Let us know what you think by leaving a comment, visiting our Facebook page or following us on Twitter.

Packers Hall of Fame photograph

10. Gale Gillingham – Gale Gillingham, who died Oct. 20, 2011, was drafted out of the University of Minnesota (13th overall) in the first round by the Packers in 1966 and played his entire career with the team, retiring in 1976. Gillingham was drafted at the end of the Packers championship run in the 1960s, but was known for his toughness and talent. Somewhat undersized, Gillingham’s fundamentals were what made him special. He was known for taking on much bigger linemen throughout his career and neutralizing them at the line of scrimmage.

He started the 1967 season at left guard after Fuzzy Thurston was injured and moved to right guard the next season when Jerry Kramer retired. in all, he played 128 regular-season and 5 postseason games. He was selected first-team All-Pro in 1969 and 1970 and was selected for the Pro Bowl five times, from 1969-71, as well as in 1973 and 1974.

A story in the New York Times published upon his death in 2011 recounts a visit to Gillingham by Jerry Kramer who was in the midst of writing “Distant Replay”, the follow-up to “Instant Replay.”

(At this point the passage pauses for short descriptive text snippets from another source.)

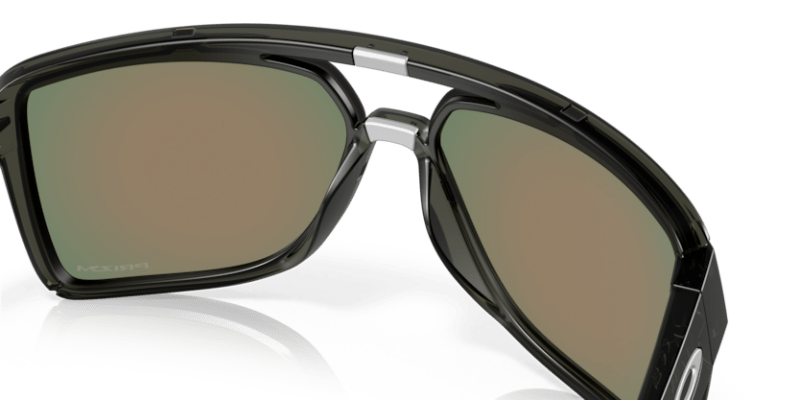 Matte Grey Smoke - 0OO9147 888392593498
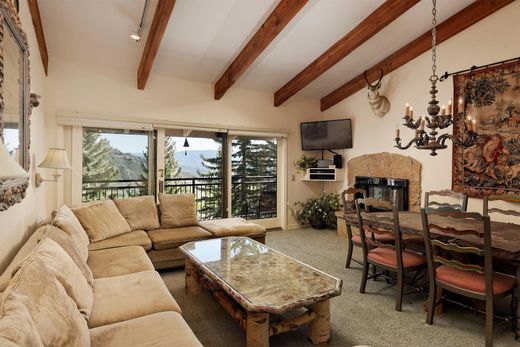Casa Independente - Snowmass Village, Pitkin County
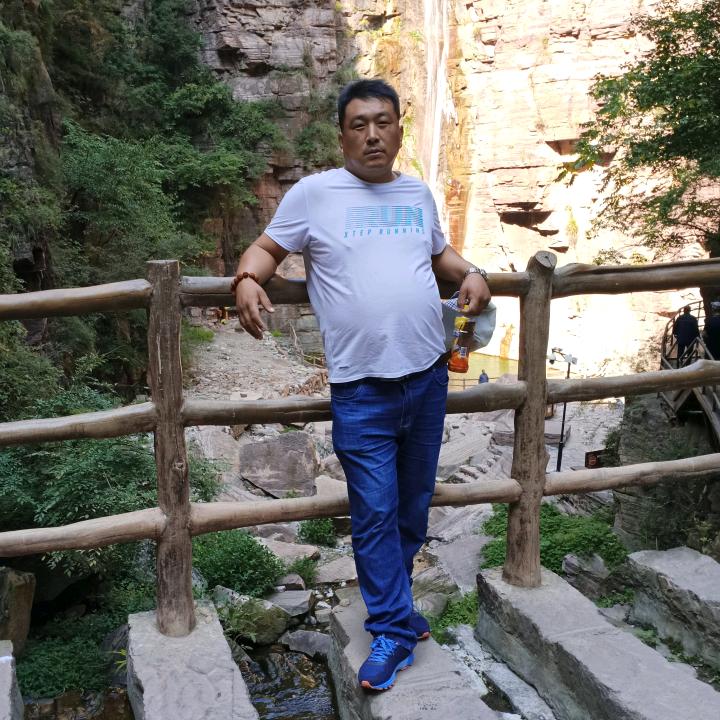 老戏果蔬特产超市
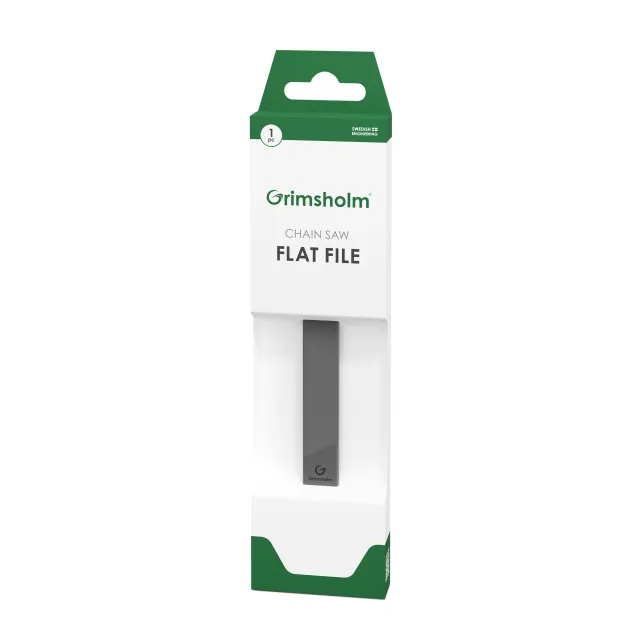 Grimsholm Premium Cut flatfil – 1 stk.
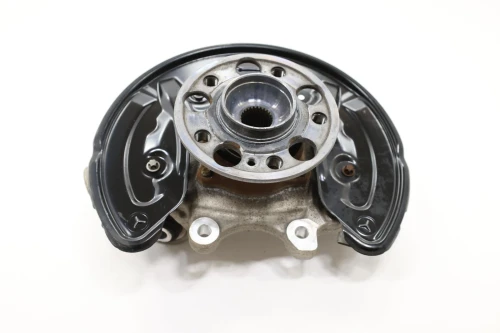 2016-2024 Mercedes-Benz GLC300 Rear Left/Driver With Hub Used OEM Steering Knuckle Spindle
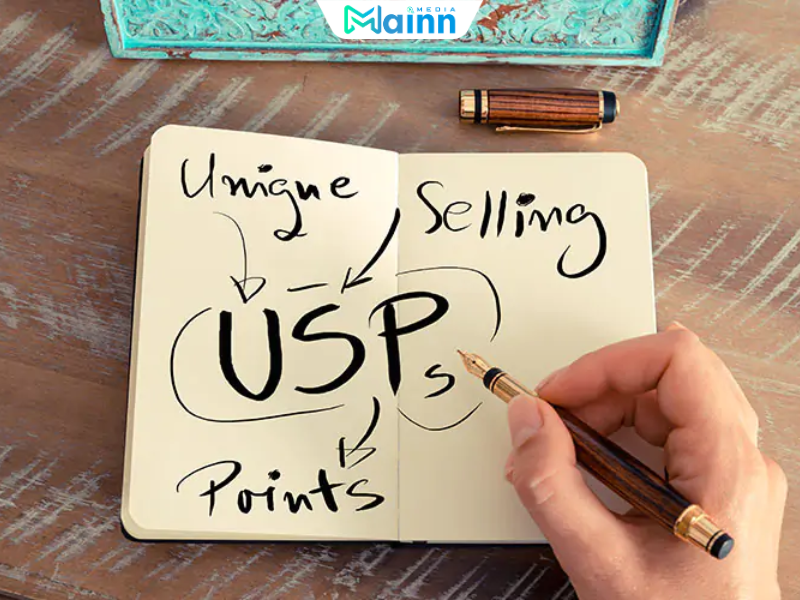 Vai trò của Selling Point trong marketing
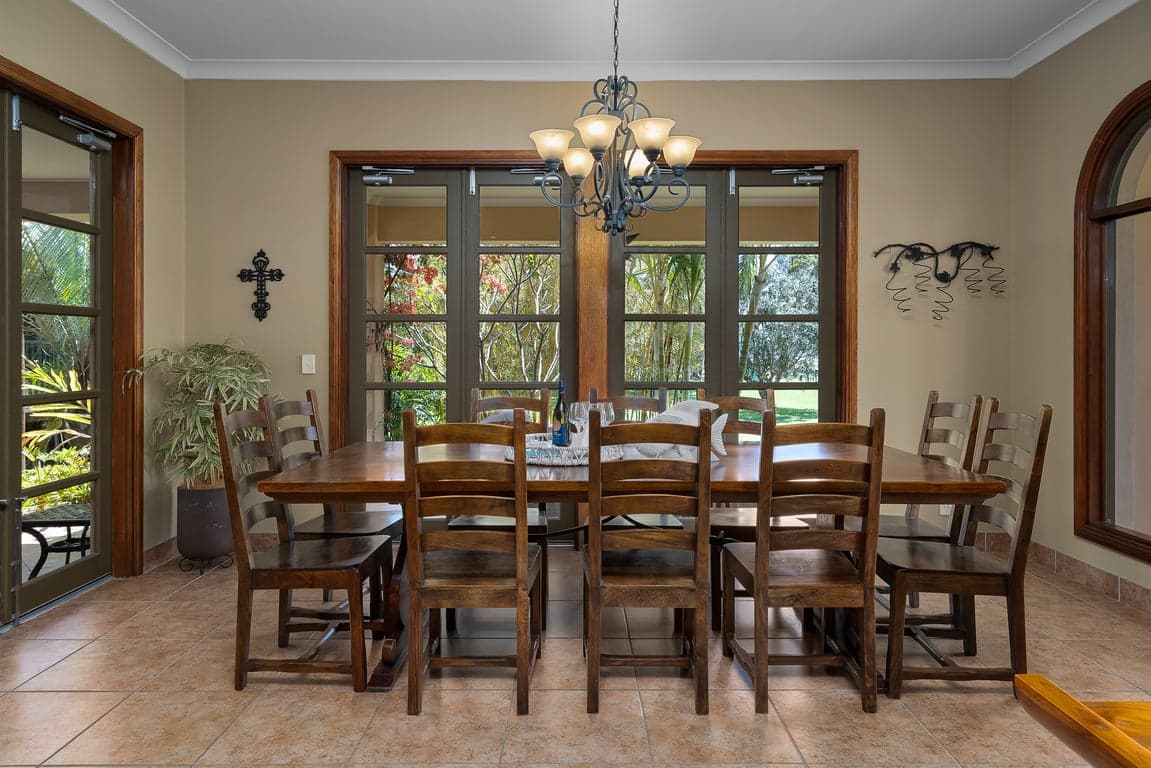 Furnished 4 Bedroom House in Swan Bay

"Kramer asked his old teammate what he remembered best about his football career. Gillingham didn’t talk about any particular play or any specific game, like the Ice Bowl or either of the Super Bowls. What mattered most to Gale Gillingham was the feeling of anticipation in the moments leading up to the opening kickoff. “I love my kids dearly”, he said, “but I have never been as close to people as I was every Sunday when I walked through that damn tunnel to the field. I thought so much of those guys walking with me, I didn’t want to do anything to let them down. We would kill for each other. We would die for each other. We would do anything for each other.”"

Gillingham received the ultimate honor as a Packer in 1982 when he was inducted into the Packers Hall of Fame.

Ken Ruettgers

Green Bay Packers Hall of Fame photograph

9. Kenneth Ruettgers – He was selected seventh overall out of the University of Southern California in the 1985 Draft and played for the Packers his entire career – from 1985-96. He had injuries early in his career and was forced to retire during the Packers’ 1996 Super Bowl championship run because he just couldn’t do it anymore.

The 6-6, 295-pound left tackle toiled through some very bad seasons with the Packers, but was also one of the team’s most consistent players. Keeping his quarterbacks’ blind side safe, Ruettgers was rewarded in the late 1980s when quarterback Don Majkowski arrived on scene and the Packers realized success on the field in 1989. He was voted the offensive MVP that season. However, it wasn’t until the final four years of his career that he was part of a rising program when Ron Wolf, Mike Holmgren, Reggie White and Brett Favre arrived in Green Bay.

John Brockington photograph

8. John Brockington – Brockington was selected ninth overall in the 1971 draft.

If there ever was a running back whose career exploded with success as fast as it went downhill, it was that of John Brockington. Known for his high knee kick pounding style of running, Brockington gained more than 1,000 yards his first three seasons in the league – that being during a 14-game season. As a rookie in 1971, the year he was named NFL Rookie of the Year, Brockington averaged 5.1 yards per carry and in 1972 his average went down to 3.7 yards per carry, but he still gained 1,027 yards. In his third year in the league, 1973, Brockington gained 1,144 yards and averaged 4.3 yards per carry.

In seven years with the Green Bay Packers, he carried the ball 1,293 times for 5,024 yards (3.9 yard average), and 29 touchdowns.

He is also a member of the Green Bay Packers Hall of Fame.

Ezra Johnson. We won’t bring up the hot dog incident. If you want to know, Google it.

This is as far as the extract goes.